(卓上四季)「家裁の人」の遺言 - 北海道新聞(2021年5月22日)

https://www.hokkaido-np.co.jp/article/546687?rct=c_season

「全然意味がわからなかったけど一生懸命話をしてくれました」。漫画「家栽の人」の原作者毛利甚八さんが篤志面接委員を務めた中津少年学院で、少年が書いた感想文だ(原文はひらがな)
2003年から少年の話を聞くボランティアを始めた毛利さん。ワーズワースの詩や仏教の説話で対話を試みるが、心は開かれない。軌道に乗るかに見えたギター教室も挫折。それでも懸命に向き合う姿勢は自然と伝わったのだろう。
演奏が簡単なウクレレで弾ける喜びを知ると少年たちに表情が生まれ、作詞の呼び掛けに2人が応じた。すると歌いたいと本音を語り出す者も。見てあげると応えるものだ。07年3月にはオリジナル曲のCD録音が実現した。
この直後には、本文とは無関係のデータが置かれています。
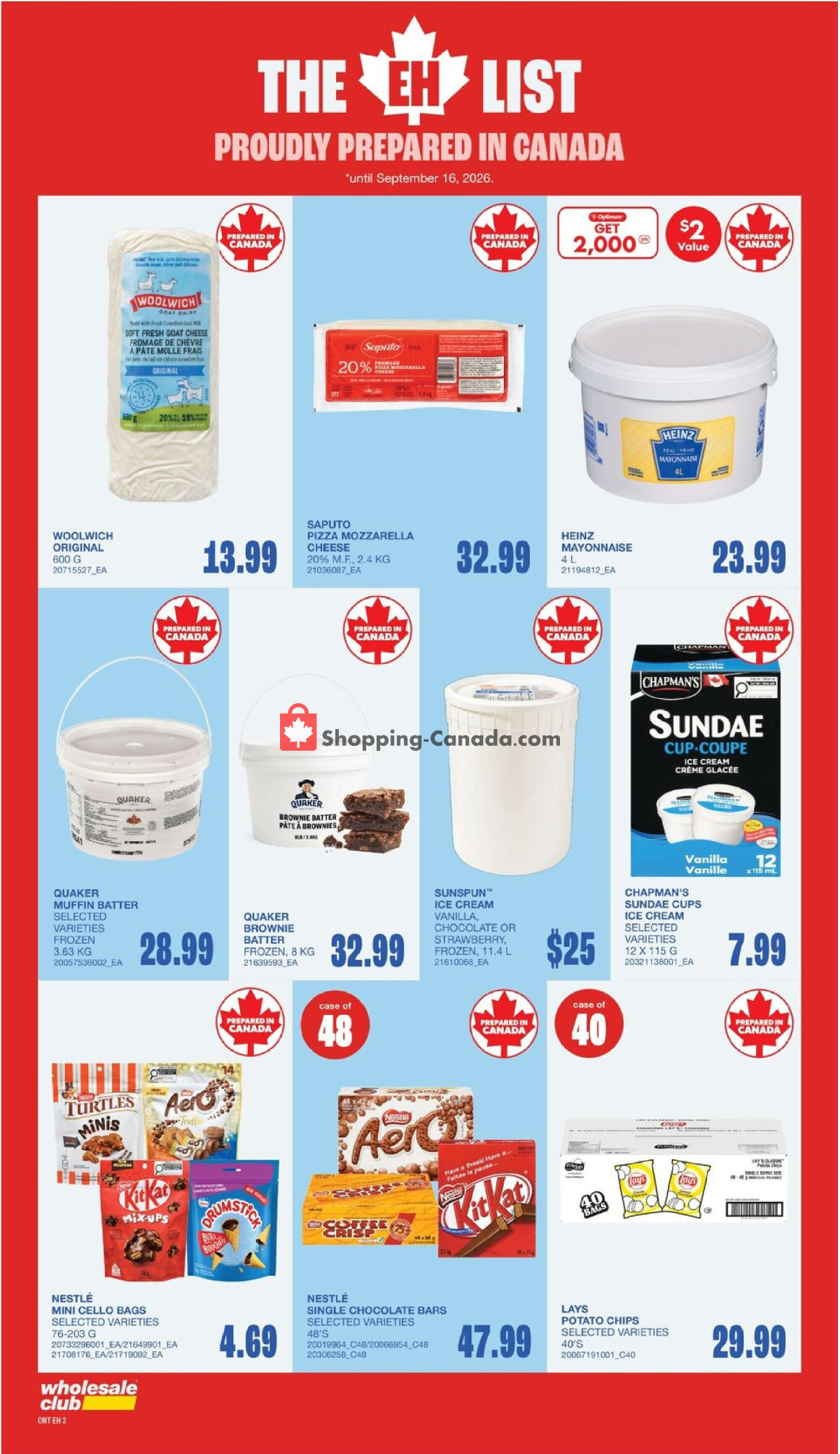 Wholesale Club flyer from Thursday September 10, 2026 to Wednesday September 30, 2026 - page 7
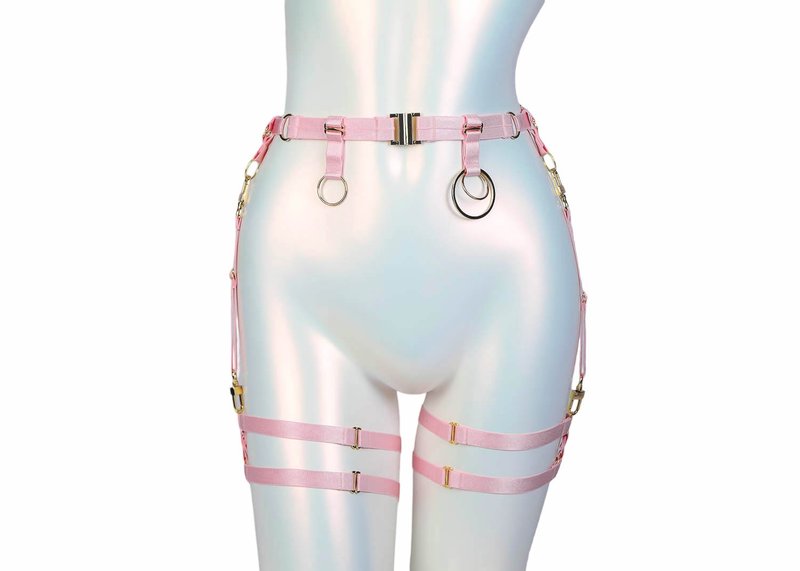 Halo Belt and Garters Set Pink - 其他 - 其他材質 粉紅色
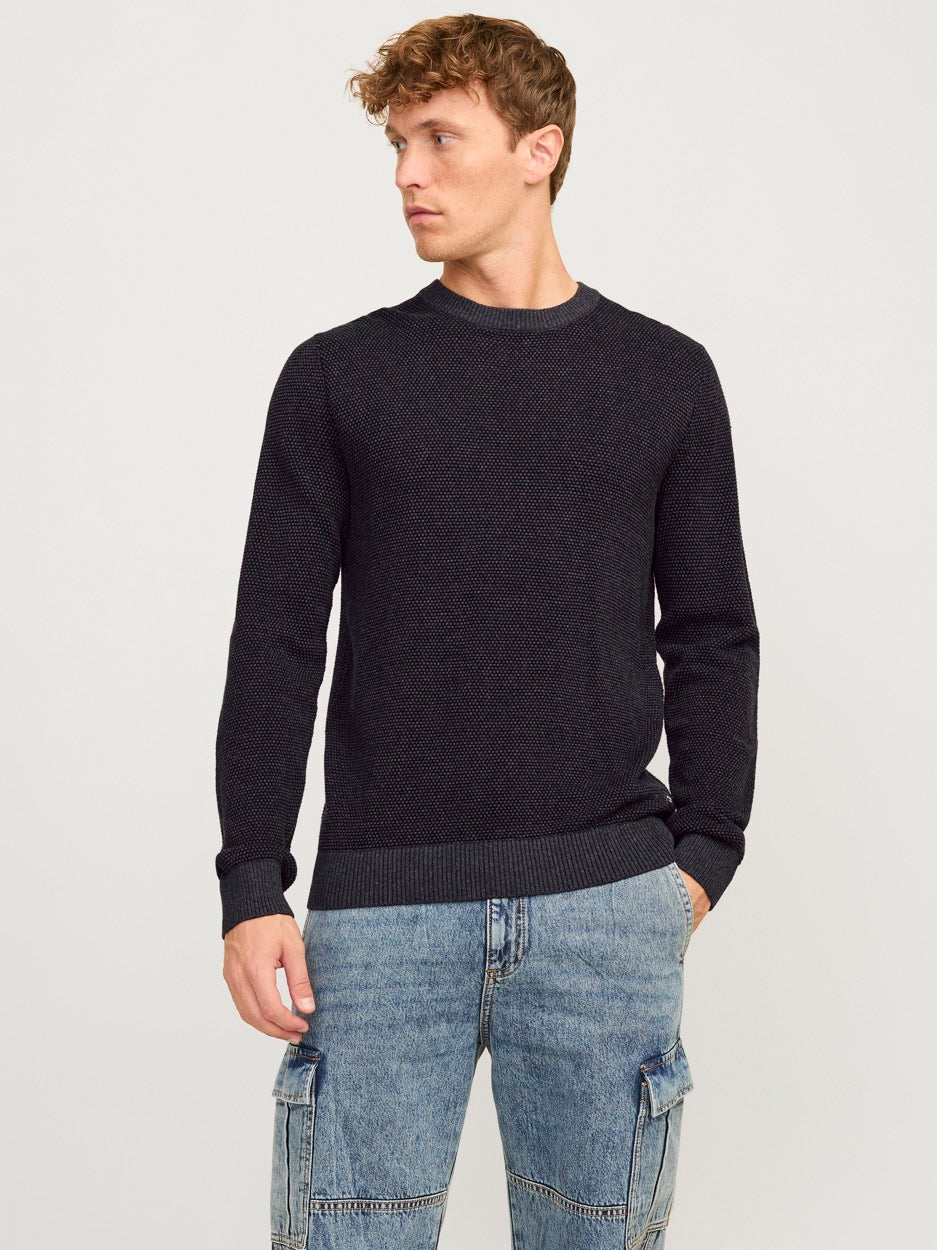 Jjeglobe Knit Crew Neck Noos - Antraciet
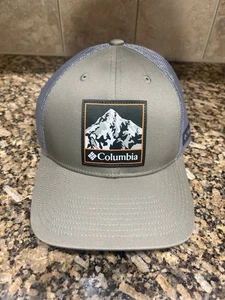 Columbia Mesh Snapback Mütze - Farbe: grün Mountain Art Patch Einheitsgröße (neu mit Etikett) - Bild 1 von 10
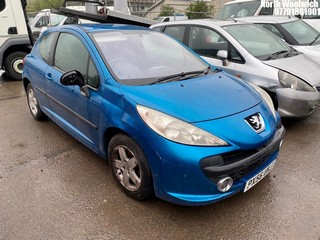 Location: North Woolwich - 2006 PEUGEOT 207 SPORT 87 3 Door Hatchback REG: PX56UKJ, Keys: No, MOT Expiry date: 22/10/2024, 1360 Petrol, 5 Speed Manual Petrol, Former Keepers: 6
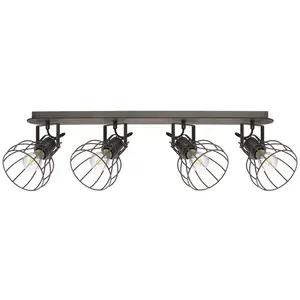 Eglo 98137 Plafonnier, Braun, Silber pas cher
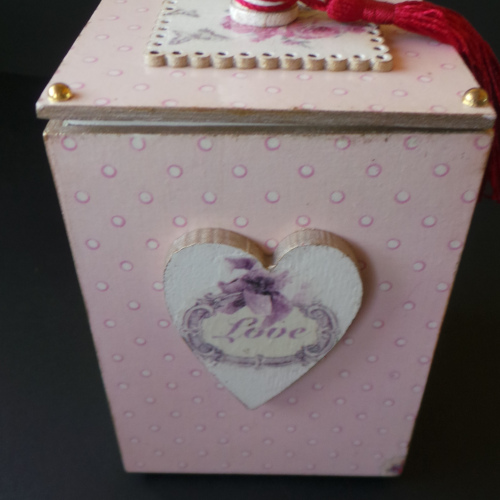 Caixa multiusos "Corações/Balões" / "Hearts/Balloons" multipurpose box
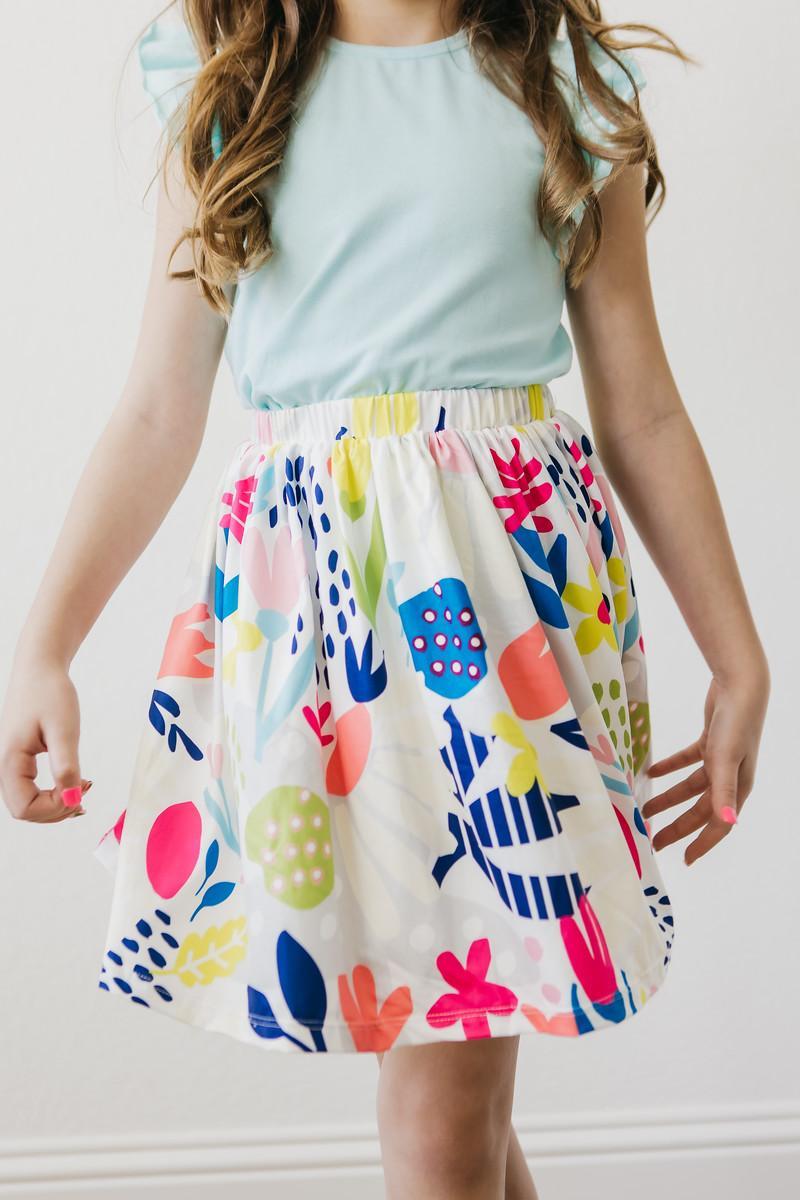 SALE Flower Market Twirl Skirt-Mila & Rose ®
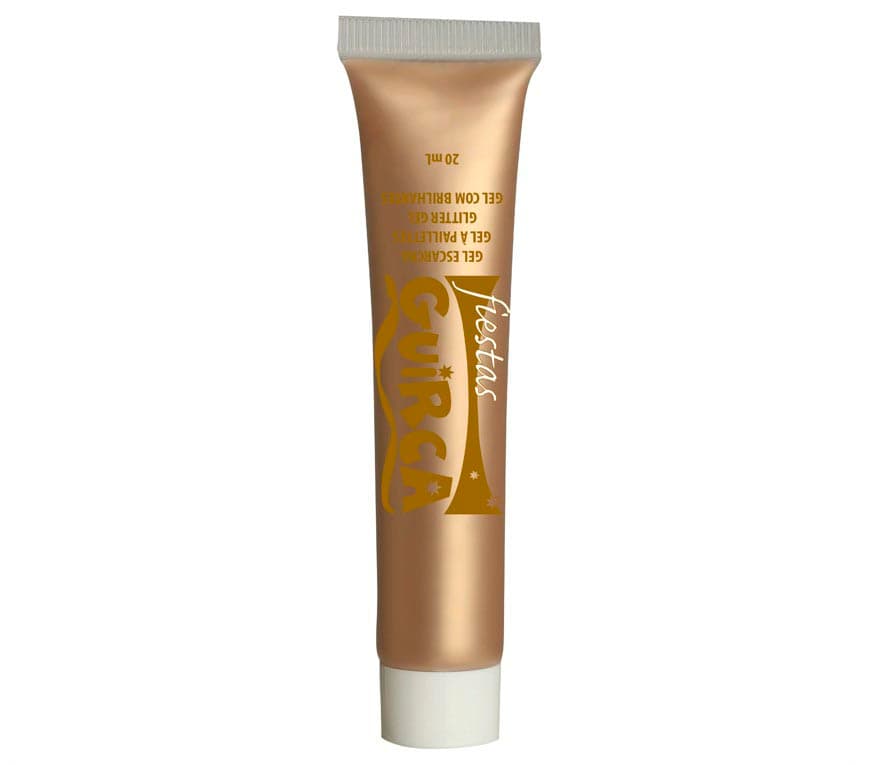 Gylden vandbaseret make-up i tube, 20 ml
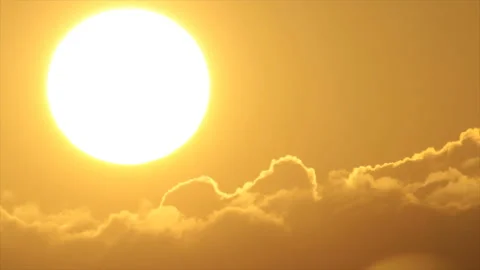 Transformed clouds in sunset Stock-Footage 146073091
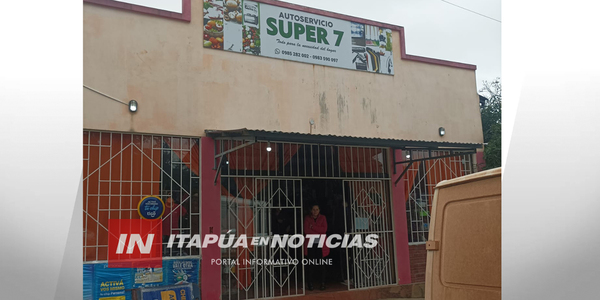 HURTARON DINERO Y CELULARES DE SUPERMERCADO EN TRINIDAD - Itapúa Noticias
14年に末期の食道がんが見つかった毛利さんが、「『家栽の人』から君への遺言」(講談社)を世に出したのは亡くなる直前の15年秋だった。無理解からくるピント外れの「少年法たたき」に我慢がならなかった。
罪を犯し社会から引きはがされる時、離れたくない愛(いと)おしい場所や人があるか、罪を犯す前にそのことを思い出せるかが少年の運命を決めると書き遺した。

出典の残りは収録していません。